GM pension changes leave retirees’ money unprotected, group says

June 16, 2012
GM pension changes leave retirees’ money unprotected, group says
By MELISSA BURDEN / The Detroit News
The General Motors Retirees Association is protesting GM’s plan to buy out pensions of up to 42,000 U.S. salaried retirees and move other retirees to an annuity program controlled by Prudential Insurance Co. of America.

The association calls GM’s decision “galling” and says it threatens retirees’ financial security. In a letter to GM Chairman and CEO Dan Akerson, signed by association president Jim Shepherd of Scottsdale, Ariz., and posted on its website, the group asks GM to reverse course.

“By eliminating this large class of salaried retirees from the pension plan, you are abandoning the hard-earned benefit of an ERISA-protected pension promised to thousands upon thousands of GM retirees in return for their commitment and loyalty,” the letter reads. “This surpasses basic unfairness; indeed, it is sheer irresponsibility and greed.”

ERISA stands for the Employee Retirement Income Security Act, the 1974 federal law that sets standards for private-industry pension plans.

GM Friday called the plan “good for retirees.”

The automaker announced this month that it would offer lump-sum buyouts to salaried retirees who retired between Oct. 1, 1997, and Dec. 1, 2011, and off-load its U.S. salaried retirees’ pensions to Prudential Insurance Co. of America.

In total, 118,000 U.S. salaried workers will be affected, including 42,000 who have been offered buyouts. Those that don’t take them will have their pensions moved to the annuity Prudential will manage. The moves are expected to trim GM’s pension liability by $26 billion.

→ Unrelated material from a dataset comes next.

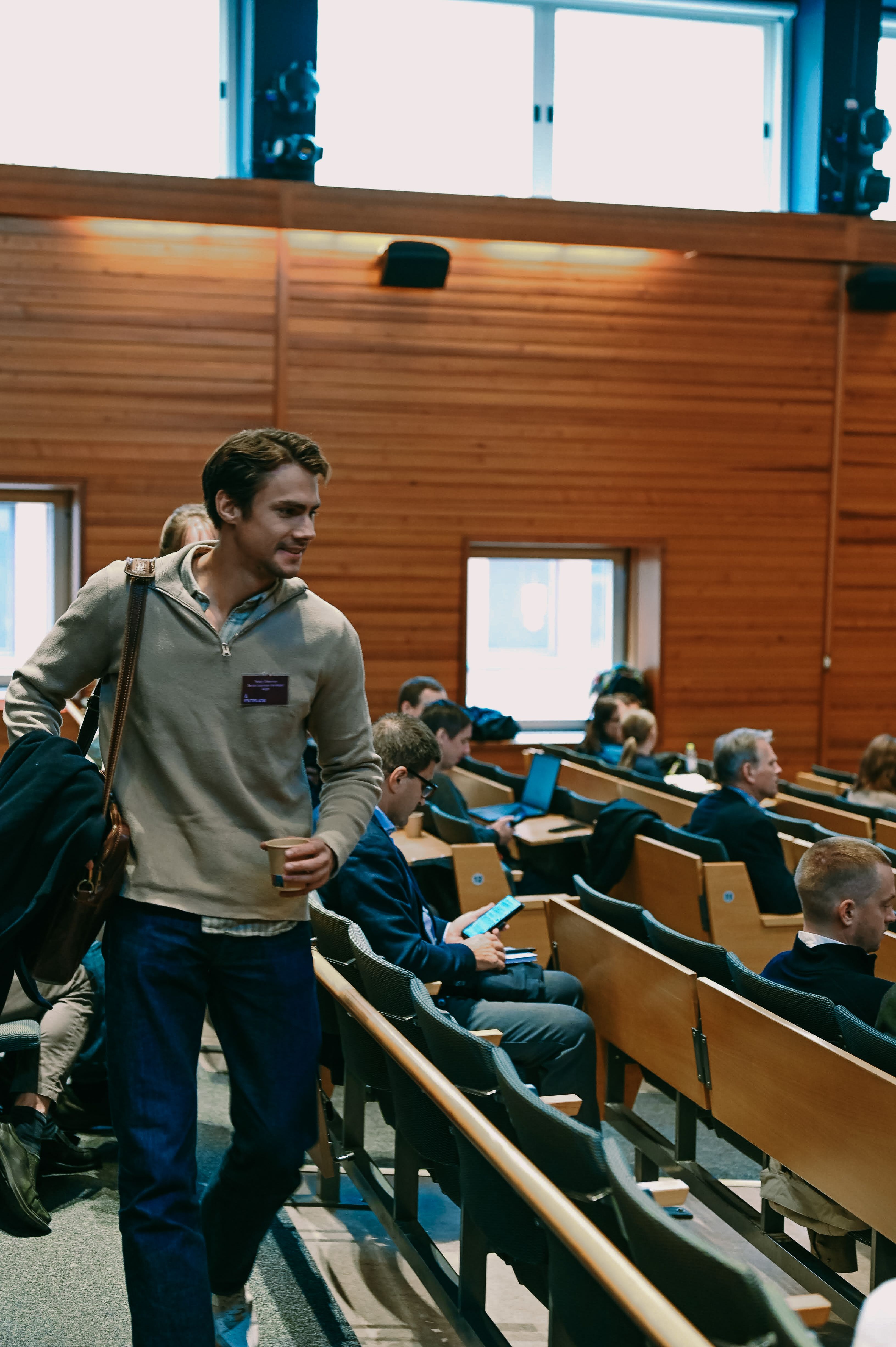 Picture from Å Entelios Energy Day 2026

The association says retirees lose in both cases, because the plan puts pension assets at risk and leaves retirees without coverage under the Pension Benefit Guaranty Corp., a federal agency that protects pension benefits in private-sector plans. Once GM transfers pension assets to Prudential, the PBGC coverage goes away.

“Ninety-nine percent of the emails that I’m getting agree with the letter,” Shepherd, a retired GM fleet account executive, said in a phone interview Friday.

“The most frequent phrase is ‘GM threw me under the bus.'”

On Friday, Cindy Brinkley, GM’s vice president of global human resources, sent Shepherd a letter via email. In the letter, the automaker said it believes the changes will provide salaried retirees with more choices and greater protection for retirement benefits.

“We believe that these changes are good for retirees … and for the company, which will see its pension obligation reduced significantly,” wrote Brinkley. “Strengthening our balance sheet will allow GM to do something we haven’t done in decades — focus our attention and resources on being the best carmaker we can be. That is good for everyone with a stake in GM’s success.”

Shepherd said of 200 emails he received Thursday and Friday, only one person was happy to be offered a lump sum; the choice between taking a lump sum and continuing with regular pension payments is voluntary.

Shepherd said some are concerned that there is no guarantee of protected funding with Prudential. Many are cautious, given the past collapse of investment banks such as Bear Sterns.

Roman said insurance regulations protect annuities, though coverage varies by the state each retiree lives in. For example, Michigan’s maximum annuity protection is $250,000.

GM praised Prudential’s record in the retirement business. GM noted that Prudential is an investment-grade company, and GM is not. Prudential must use a separate account to make benefit payments to GM retirees. And those assets would not be subject to claims of general creditors should Prudential fail and file for bankruptcy, the automaker said.

If the GM salaried retiree annuity funding were to drop, Prudential would use funding from its general account to continue making annuity payments to GM retirees, adding another safeguard, GM spokesman Dave Roman said.

“The plan will be fully funded when it moves to Prudential,” Roman said.

GM has received some retiree questions through call centers and emails. The company has scheduled more than 75 meetings for retirees across the country, Roman said. He said GM won’t update how many of the 42,000 retirees take the lump sum until after their decisions, which are due on July 20.

GM will spend between $3.5 billion and $4.5 billion cash in the pension deal.